There are generally 3 types of kale that can be grown in the home garden. Each broad category of kale, of course, has many varieties, but generally, you are going to grow one or more of these 3 types of kale.
The 3 Types of Kale
Curly Leaf Kale
This is the most common type of kale and the one you most often see in the grocery store or farmers markets. In my opinion, it is also the “prettiest” type of Kale and the tastiest. It comes is both green and “red” varieties. The leaves are tender when the plants are younger and get “tougher” as the plant ages and the leaves get larger.
I have found Curly Leaf varieties are the easiest to grow and they are also, overall, the most productive plants. If harvested correctly a few plants can provide a continuous supply of leaves for months. Just pick the larger leaves from the bottom of the plant first and the higher leaves will continue to grow.
I have also found that Curly Leaf varieties of kale are the hardiest. In most areas, you can overwinter curly leaf kale with just some simple protection from either a hoop house or even just fabric row cover.

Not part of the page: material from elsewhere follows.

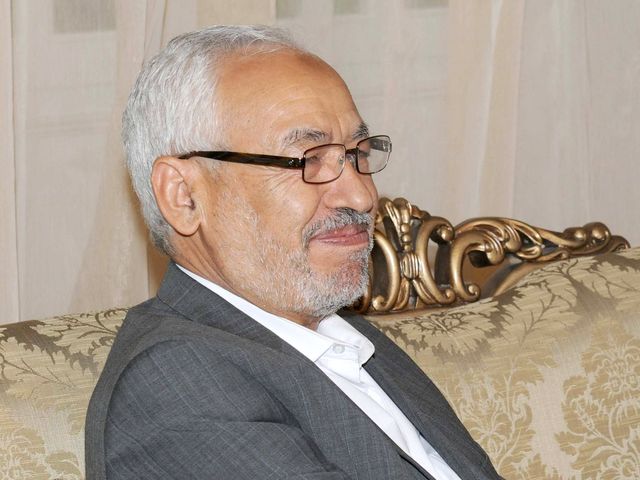 Лидер тунисских исламистов Рашид Рануши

Popular varieties include: Vates (our favorite), Starbor, Ripbor, & Winterbor.
Flat Leaf Kale
The Second type of kale on our list of the 3 types of kale is Flat Leaf Kales. There are only a few varieties that can be considered “flat leaf”. Plants from flat leaf varieties can be very productive. If you not careful and harvest often they can produce huge leaves. These are good tasting leaves and I have found that they are a little better tasting when they are smaller. This type of kale fits really well into traditional salads as the leaves look more like lettuce or spinach leaves than the other 2 types of kale. (It’s easier to sneak them in on picky eaters)
Flat leaf kale is easy to grow and if harvest early and consistently it will take up a little less space in your garden than other varieties. I have found these to be the least winter hardy variety of kale. I suspect that is because the flat leaves have more exposed surface area that makes them more susceptible to freezing.
Popular Flat Leaf Kale varieties include Red Russian and Beira.
Tuscan (AKA Lacinato or Dinosaur) Kale
These have the most fun looking leaves of the 3 types of kale. The extra dark green uncurled leaves have a very unique appearance that looks like Dinosaur skin (hence the nickname Dinosaur kale). The leaves do have a very heavy stalk that runs down the center of each leaf. This makes them our least favorite for eating, as we end up tossing out the heavy stalks.
Dinosaur kale has a more upright habit than the other 2 types of kale and grows tall interesting looking plants. If you are looking for a cool looking edible plant to grow in your flower beds this is your choice! These tall plants are easy to grow and very cold hardy (not quite as hardy as curly leaf, but close). I have had Tuscan kale survive unprotected in our zone 6 garden as late as early January.
There is really only one variety of this type of kale that I know of and it is usually referred to as Toscano or Lacinato kale in most seed catalogs.
Get some kale planted this year
All 3 types of kale can be planted pretty much any time of the year. Kale tends to taste better when the leaves are smaller. Cold weather also improves the taste of kale. Letting your kale get exposed to frost either in the spring or fall will really “sweeten” the taste. In fact, if you let it over winter in a hoop house you will find in February and March that you have a totally different tasting “beast” on your hands. That is our favorite time of the year to grow and harvest any of the 3 types of kale.